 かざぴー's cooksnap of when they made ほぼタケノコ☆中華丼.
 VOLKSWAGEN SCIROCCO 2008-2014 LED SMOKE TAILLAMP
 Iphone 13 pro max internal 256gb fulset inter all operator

--

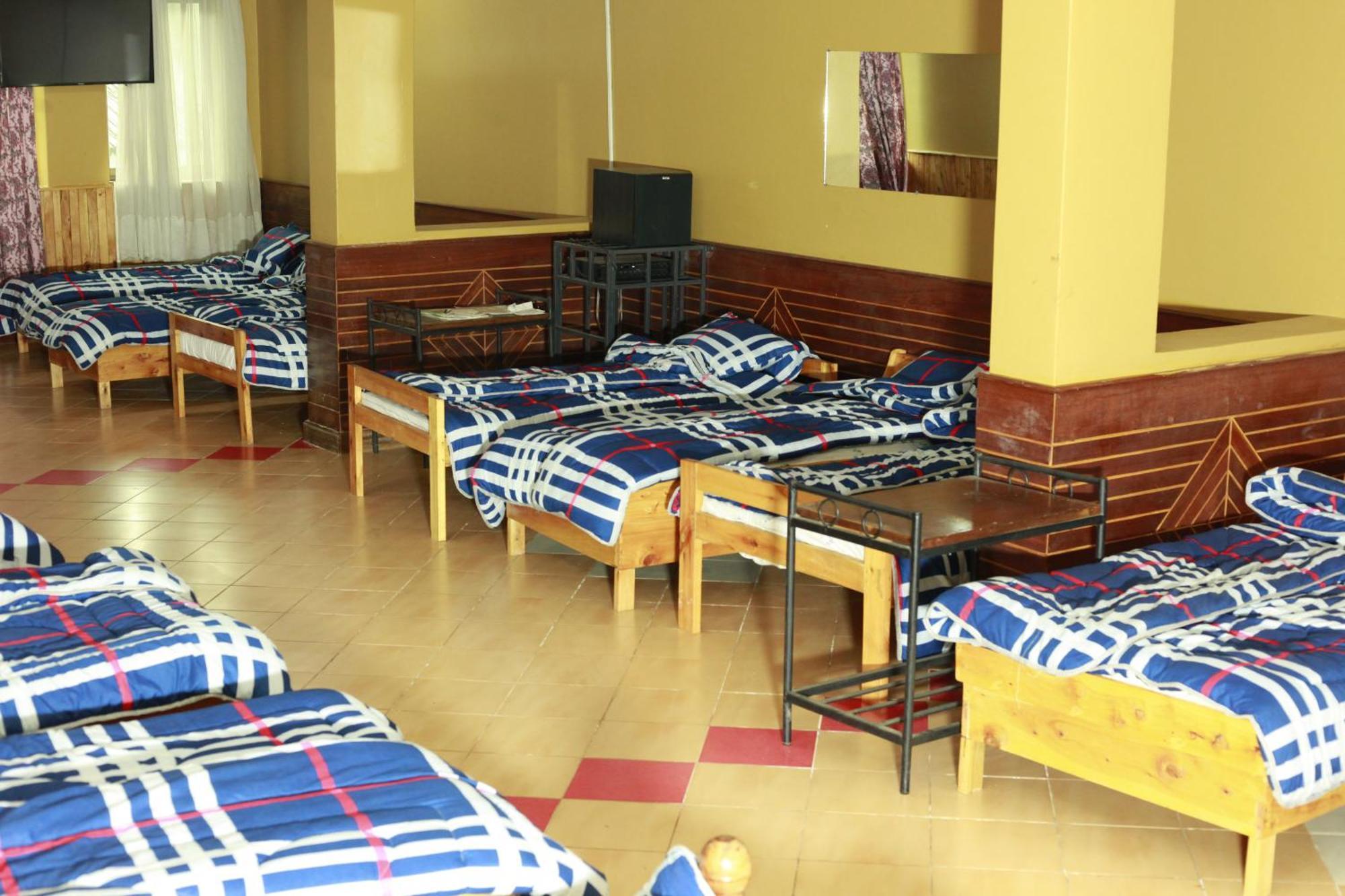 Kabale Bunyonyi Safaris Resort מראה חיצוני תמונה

> _Task item_
Both the line containing "かざぴー's cooksnap of" and the line containing "Iphone 13 pro" belong in the answer. Print them and every line above that falls between them exactly, and no others.

> _Answer section_
 かざぴー's cooksnap of when they made ほぼタケノコ☆中華丼.
 VOLKSWAGEN SCIROCCO 2008-2014 LED SMOKE TAILLAMP
 Iphone 13 pro max internal 256gb fulset inter all operator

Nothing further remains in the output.